#### [TASK DESCRIPTION]
Leaving out every picture, retype the lines below from the top through the one that contains "And on analysis".

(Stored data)

"""

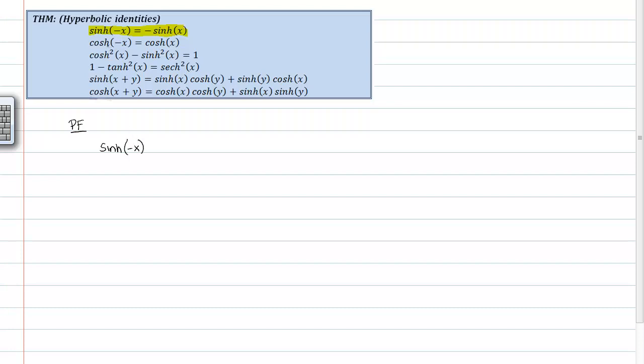If you were going to go ahead and do any of the other ones, you would start with whatever you're given there, and then transform them using your knowledge of their exponential forms into the exponential forms.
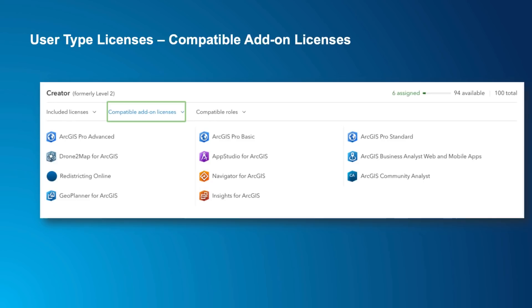The capabilities of each user type are different. You'll need the right capabilities to use some of the ArcGIS apps. For example, to use an add-on app such as Insights, your user type capabilities would need to support that. And it's easy to see this in the software. You can reference the compatible add-on apps in the user interface, shown here for the Creator user type.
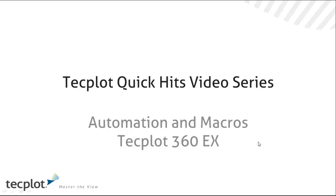Welcome to another TechPlot Quick Hits video series. Today we're going to talk about automation and macros with TechPlot 360 EX. My name is Darrell Rittenberg.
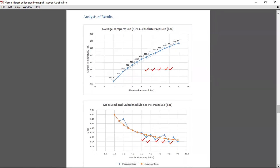And on analysis of results, you are supposed to have a graph which shows average temperature and absolute against absolute pressure. Here you are going to score five marks.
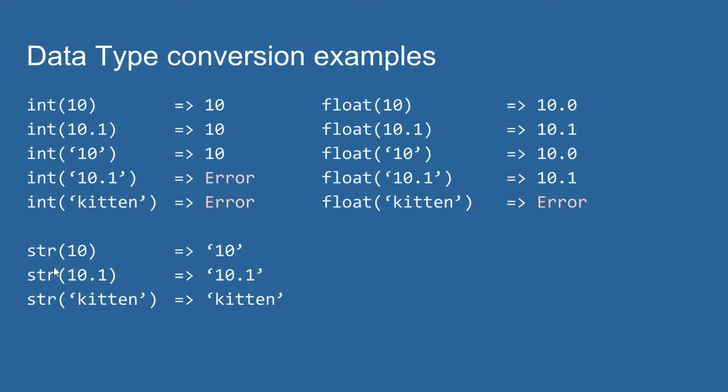And finally, the string method. The string method will just try to convert any numeric value that you pass into it into its string representation. So, if I pass an integer 10 into the string function, I get the string value 10 out, 1, 0.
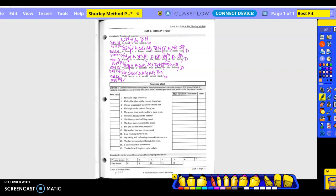Divide the complete subject from the complete predicate. Is there an adverb exception? Is this in the natural order? It's natural.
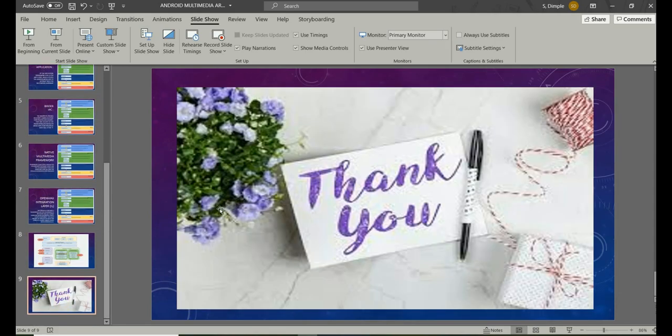That's all I had for today. I'll be looking forward to meeting y'all in my next tutorial. I hope this was informative. Thanks for watching, take care, bye!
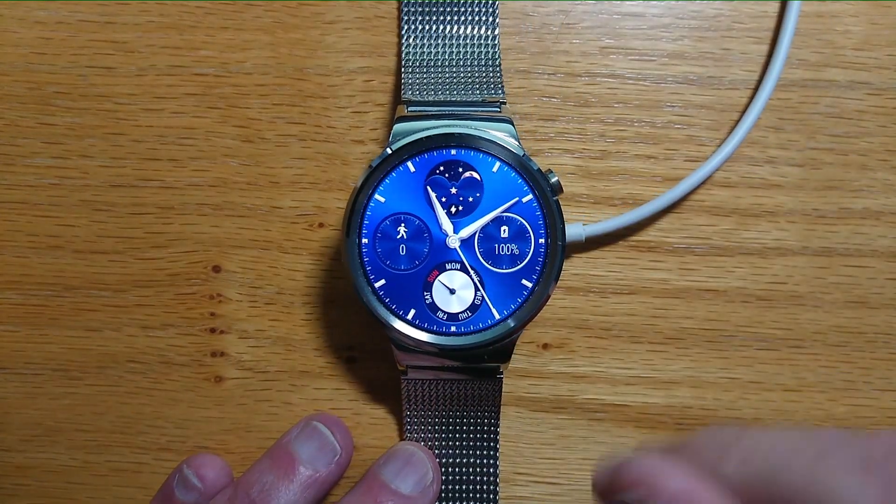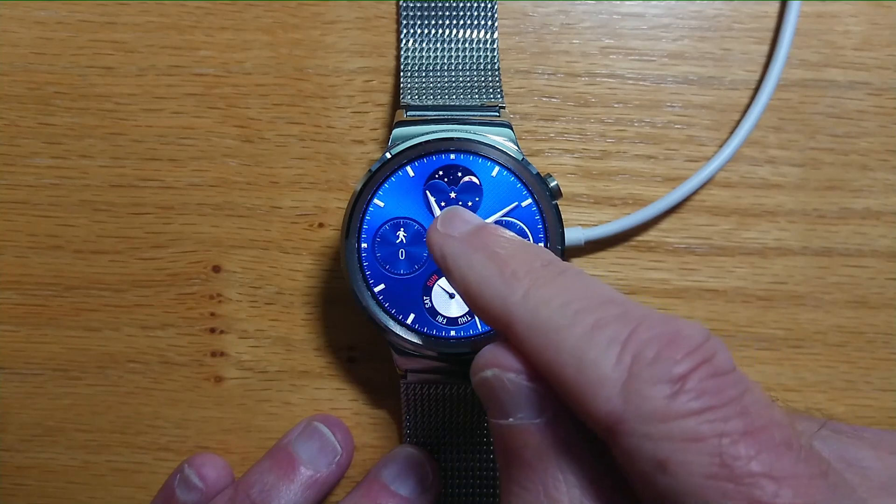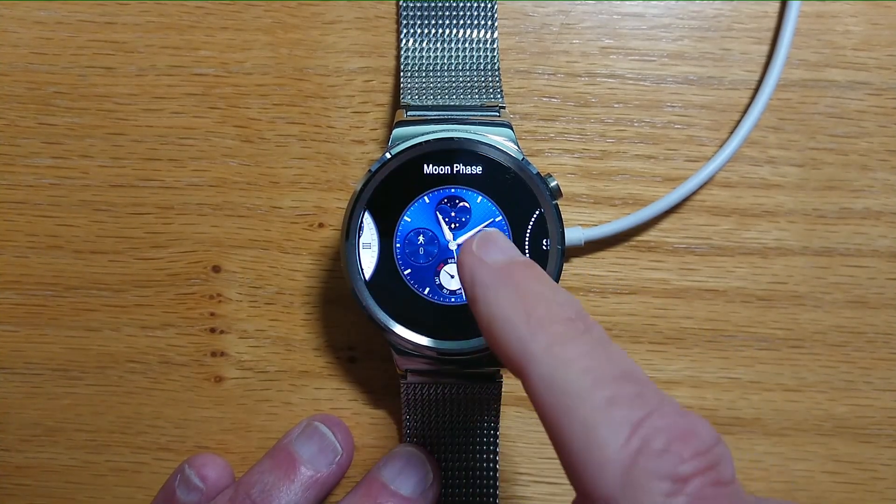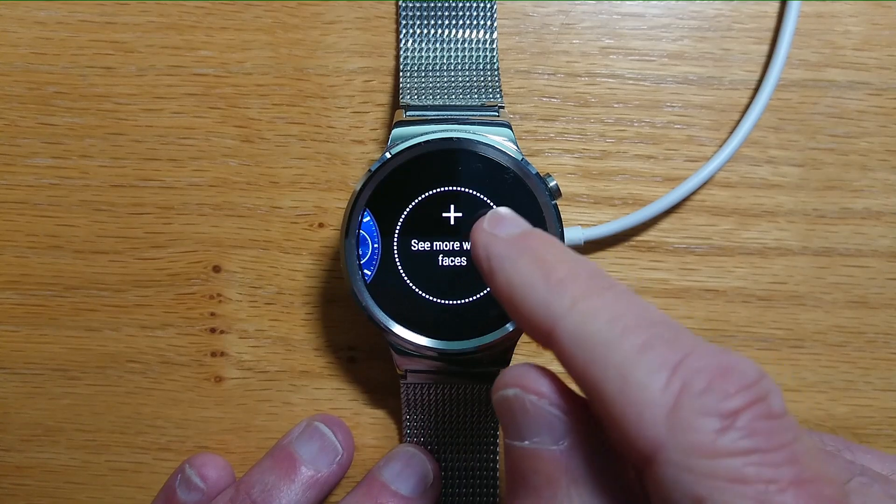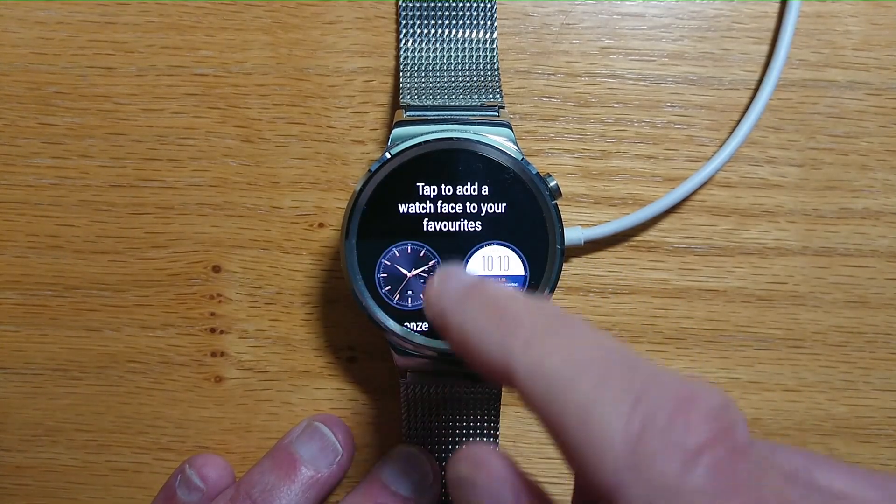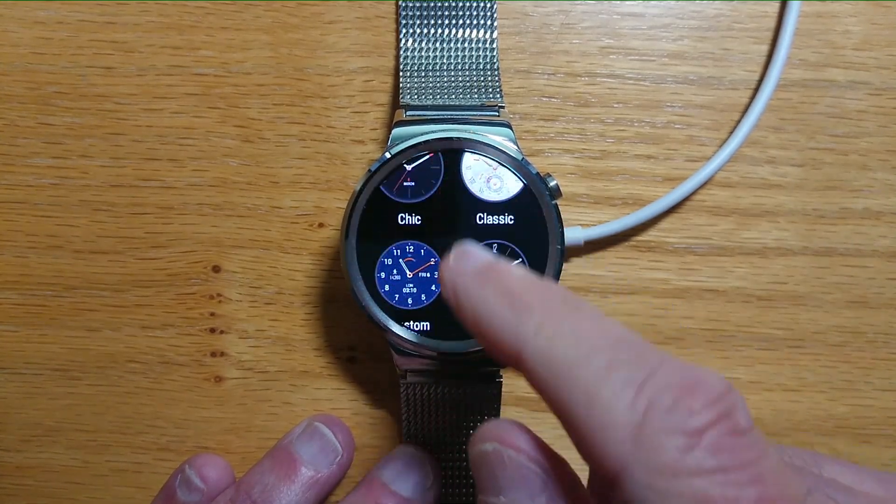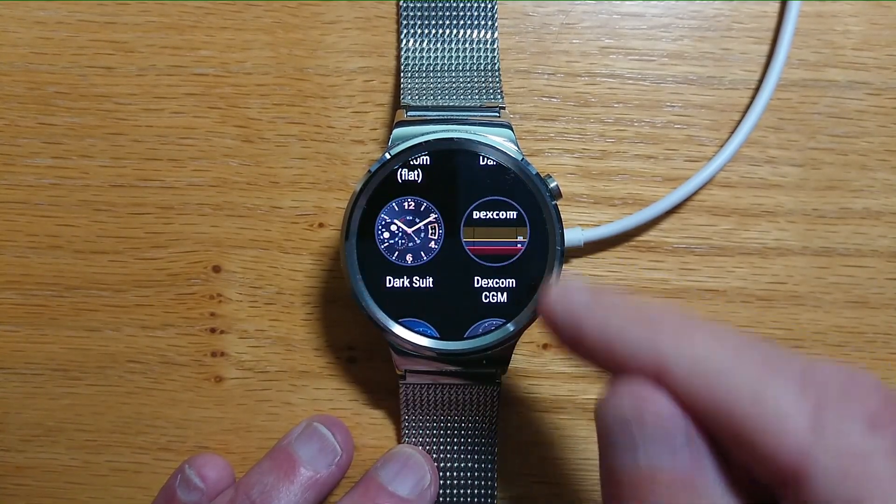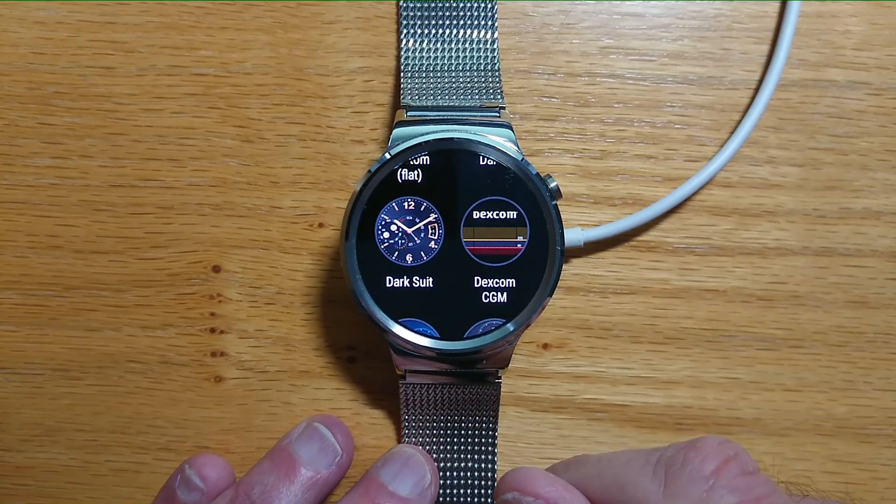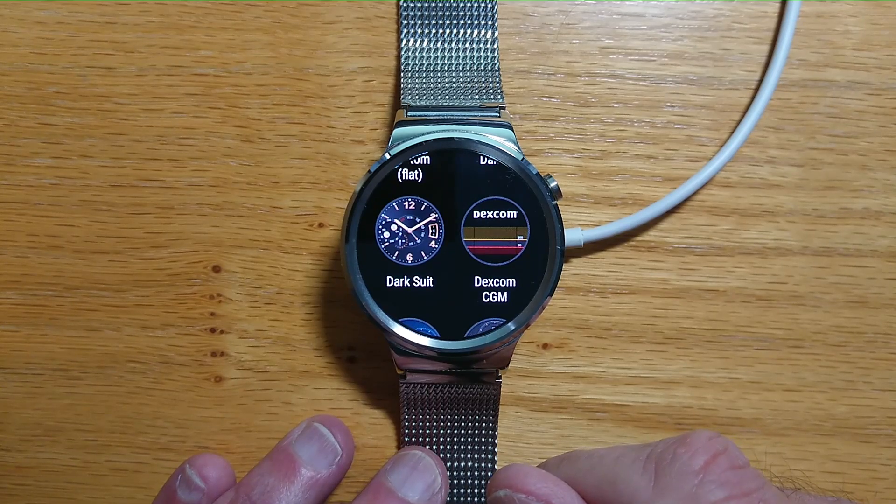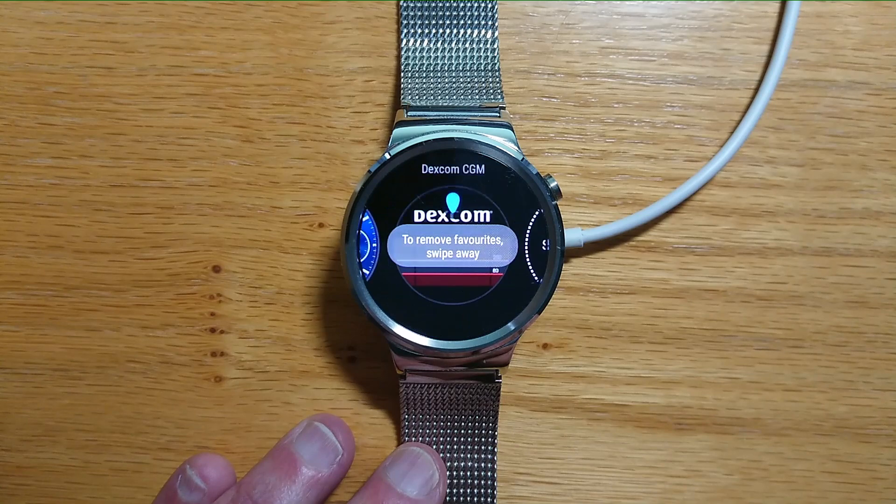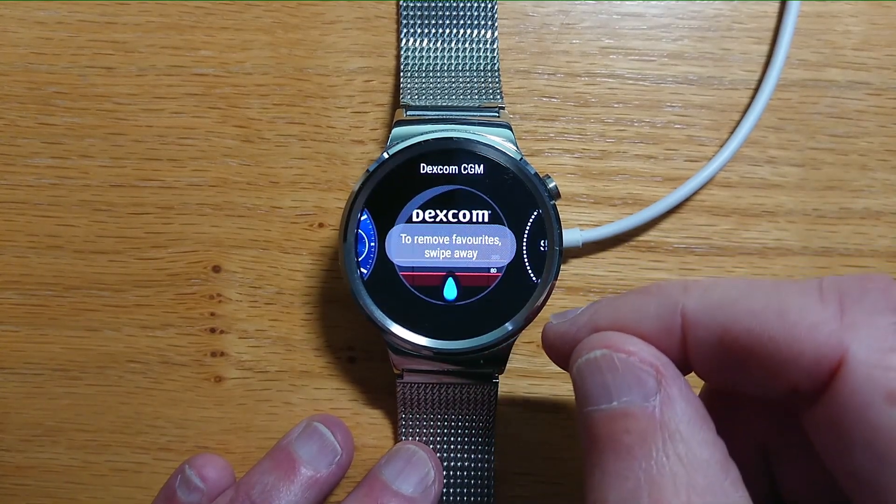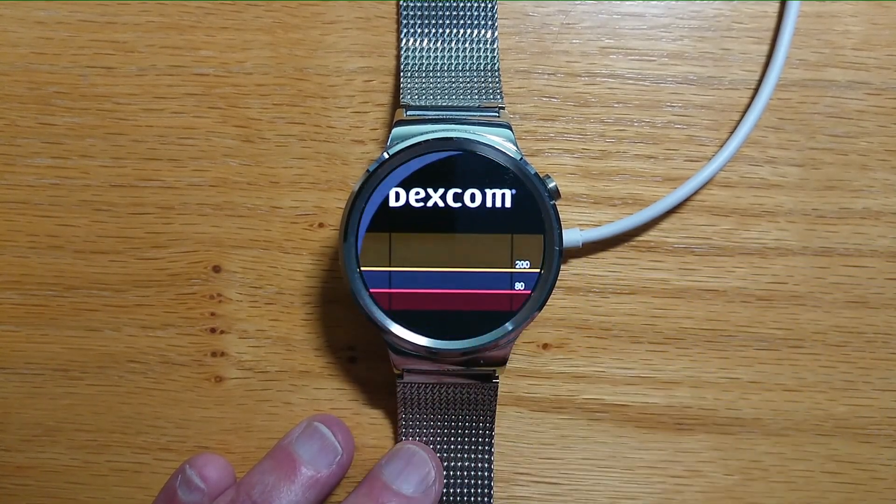Now if I go to my current watch face and long tap, it gives me options for more watch faces. If I scroll down, I can see there that Dexcom CGM is one of the options, so it's easy to select that and use that as the watch face.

"""

#### [EXPECTED ANSWER]
If you were going to go ahead and do any of the other ones, you would start with whatever you're given there, and then transform them using your knowledge of their exponential forms into the exponential forms.
The capabilities of each user type are different. You'll need the right capabilities to use some of the ArcGIS apps. For example, to use an add-on app such as Insights, your user type capabilities would need to support that. And it's easy to see this in the software. You can reference the compatible add-on apps in the user interface, shown here for the Creator user type.
Welcome to another TechPlot Quick Hits video series. Today we're going to talk about automation and macros with TechPlot 360 EX. My name is Darrell Rittenberg.
And on analysis of results, you are supposed to have a graph which shows average temperature and absolute against absolute pressure. Here you are going to score five marks.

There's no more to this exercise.